*Work item*. Produce as output only the lines below starting at the line with "German Sdkfz 251 C Half-Track" and continuing through the line with "打算去给大家买这里面的盲盒我", each one exactly as written.

*Available data*.
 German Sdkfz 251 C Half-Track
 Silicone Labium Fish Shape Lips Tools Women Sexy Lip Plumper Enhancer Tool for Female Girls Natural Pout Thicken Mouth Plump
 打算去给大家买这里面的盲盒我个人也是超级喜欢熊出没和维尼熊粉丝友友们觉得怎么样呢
...
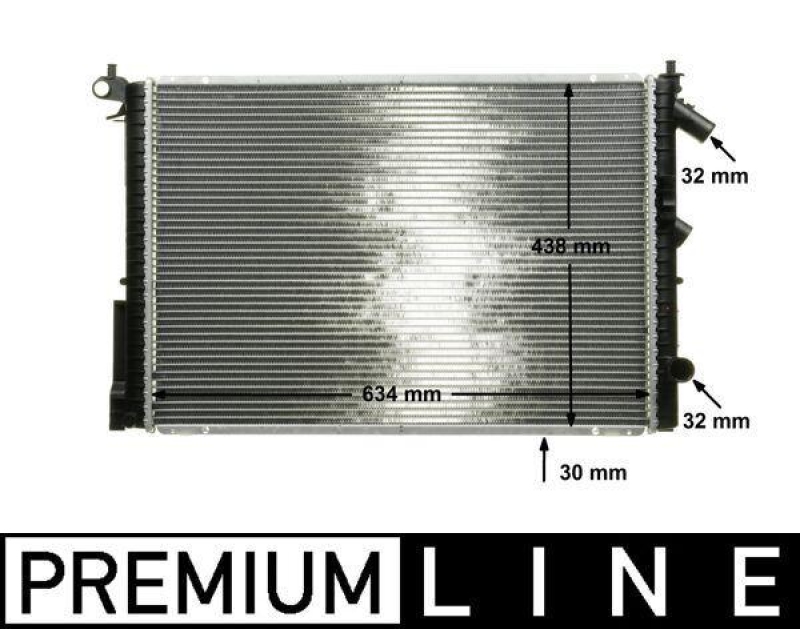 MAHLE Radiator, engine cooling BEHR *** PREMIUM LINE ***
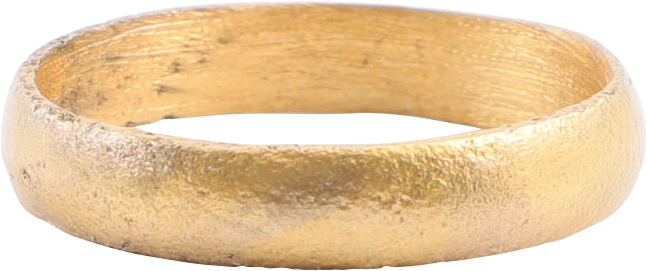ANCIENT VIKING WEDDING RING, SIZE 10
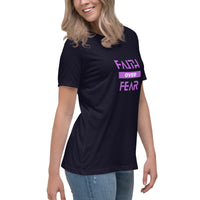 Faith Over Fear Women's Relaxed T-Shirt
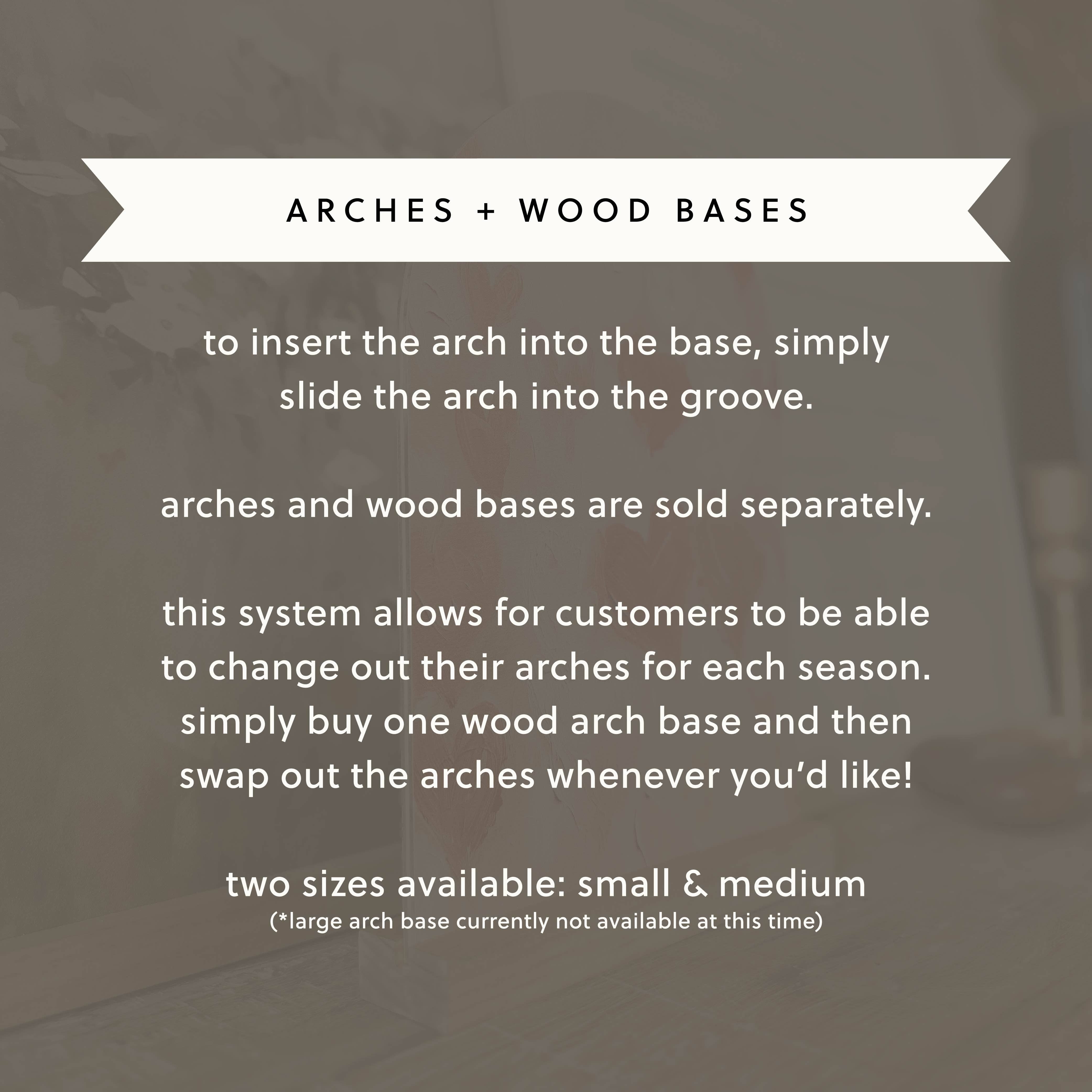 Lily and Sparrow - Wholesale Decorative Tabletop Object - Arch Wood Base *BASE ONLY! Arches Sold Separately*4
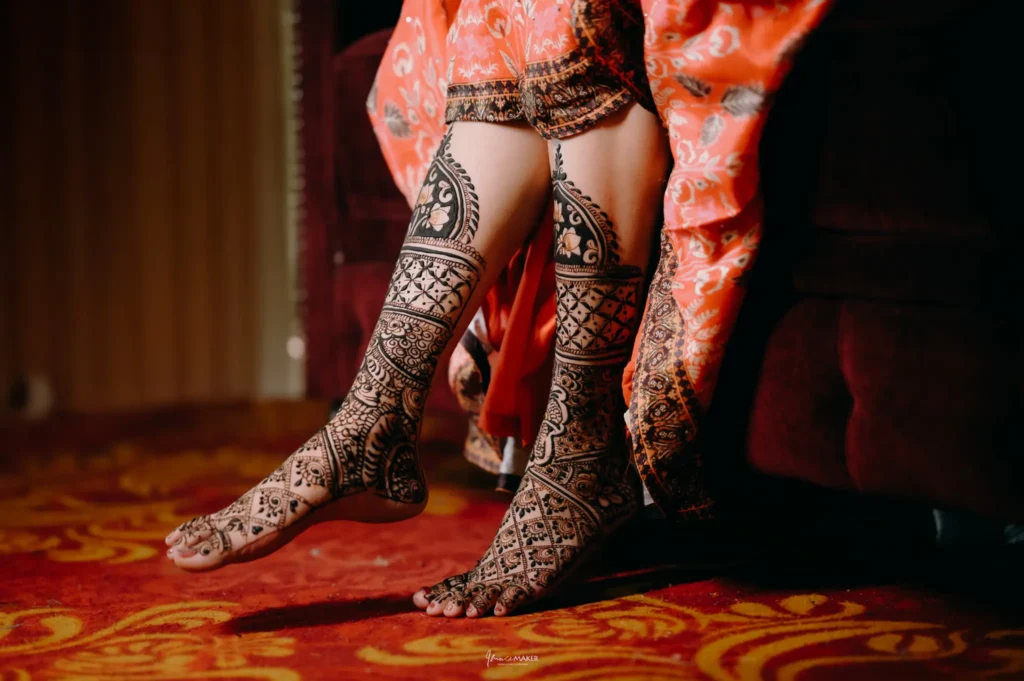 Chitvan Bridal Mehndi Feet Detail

*Response area*.
 German Sdkfz 251 C Half-Track
 Silicone Labium Fish Shape Lips Tools Women Sexy Lip Plumper Enhancer Tool for Female Girls Natural Pout Thicken Mouth Plump
 打算去给大家买这里面的盲盒我个人也是超级喜欢熊出没和维尼熊粉丝友友们觉得怎么样呢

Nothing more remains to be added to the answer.